After 81 years of silence, modern descendants of Moriori speakers in New Zealand are now pushing for more recognition

Image: The New European

Of all the peoples in the world who suffered during the course of the spread of English across the globe over the last 400 years, one of the groups that suffered the most were undoubtedly the Moriori people of the Chatham Islands.

The Chatham Islands lie in the South Pacific, about 800km (430 nautical miles) east of the South Island of New Zealand. The New Zealanders who live
there today inhabit two of the islands, Chatham Island and the much smaller
Pitt Island. There are only about 700 inhabitants; guests at the hotel are informed that dinner is at 6pm, except that it’s later on Tuesdays when the chef plays rugby.

The islands are technically in the Western Hemisphere, lying just to the east of the International Date Line, but they are a part of New Zealand. They have their own time zone which is, rather quirkily, 45 minutes ahead of mainland New Zealand. (Visiting mainlanders have to remember that the 6pm TVNZ news comes on at 6.45pm.)

The Moriori were a Polynesian people who arrived on the islands from New Zealand some time before 1500AD, quite possibly by accident, and then seem to have lived there in total isolation for some centuries.

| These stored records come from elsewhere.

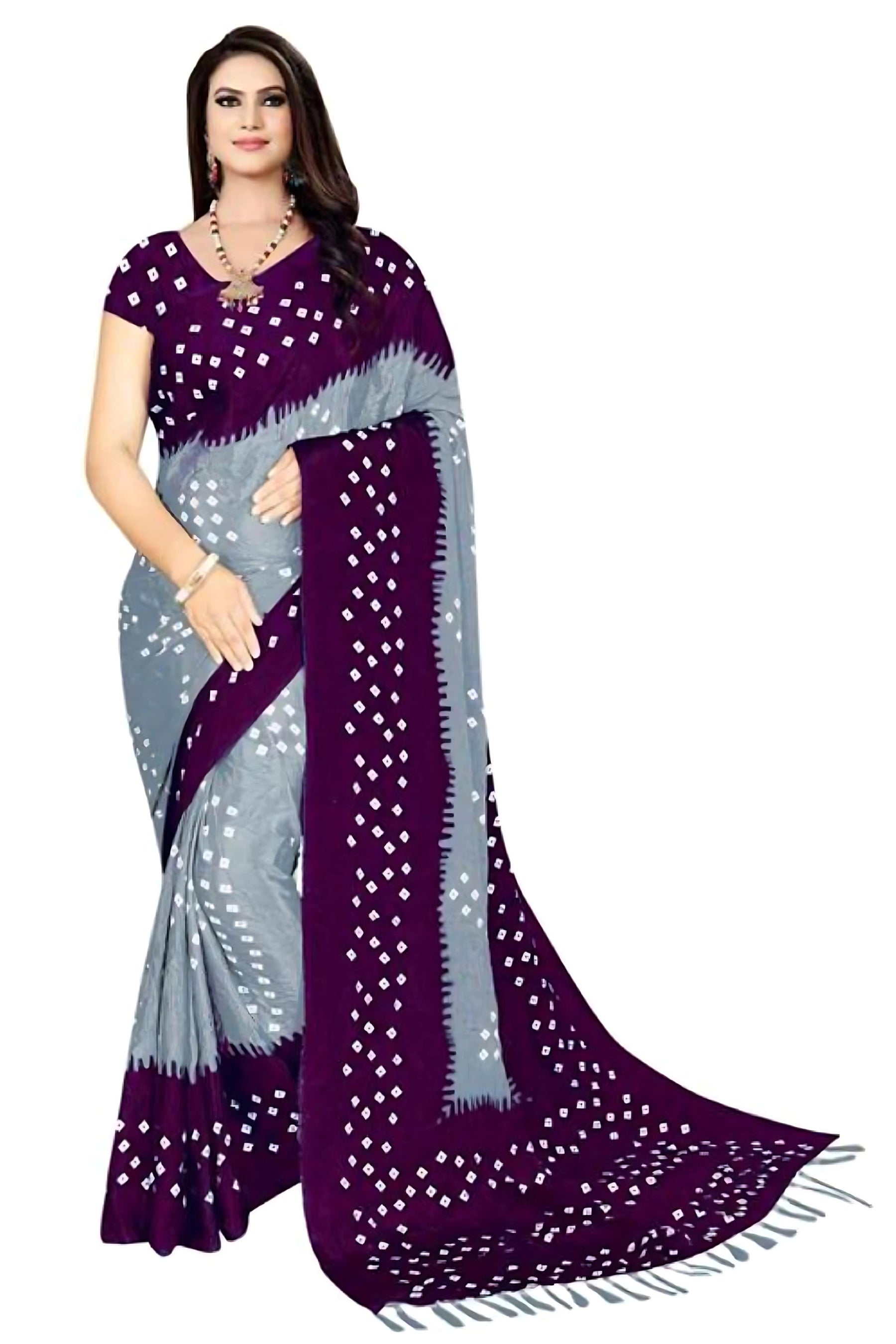 Traditional Soft Silk Bandhani Saree in Georgette with Matching Blouse Saree JCS Fashions Grey 5.5 Meters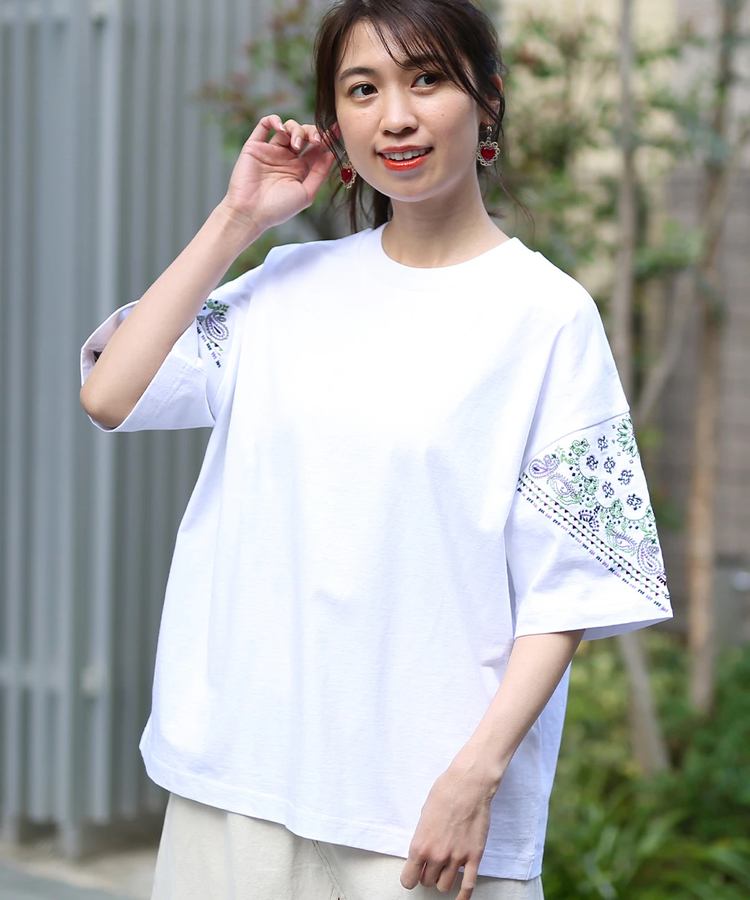 チチカカ |バンダナスリーブ刺繍プルオーバー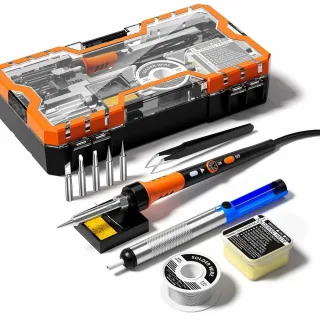 Premium 60W Adjustable Temperature Soldering Iron Kit Ceramic Heater 200-450°C Includes Solder Tips Solder Wire Desolder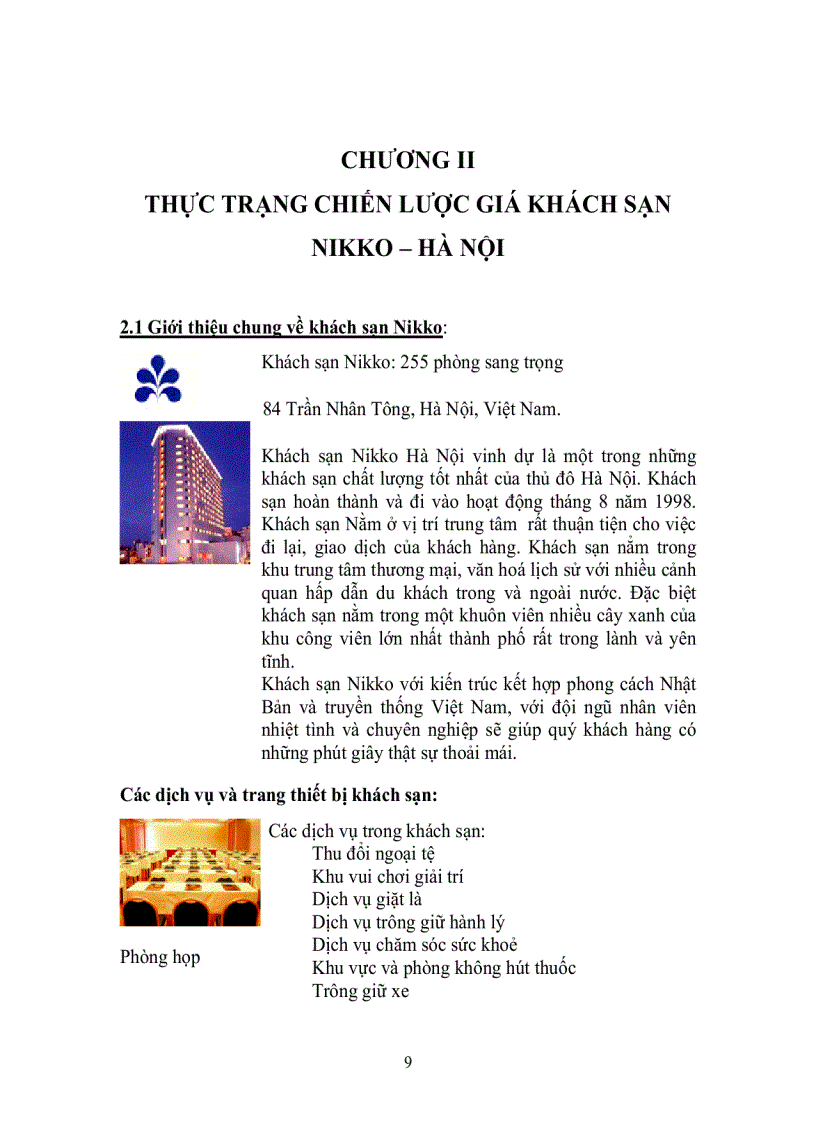 image for page Bài tập quản trị nghiệp vụ lễ tân Chiến lược giá khách sạn Nikko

There were no natural materials on the Chathams which lent themselves readily to the construction of ocean-going boats, and so the Moriori stayed
where they were in total isolation from the rest of the world. Their language
and New Zealand Maori became significantly different from one another, though they still remained somewhat mutually intelligible.

The Moriori developed a pacifist culture in which the only form of fighting permitted were duels between individuals which were stopped as soon as any blood was drawn.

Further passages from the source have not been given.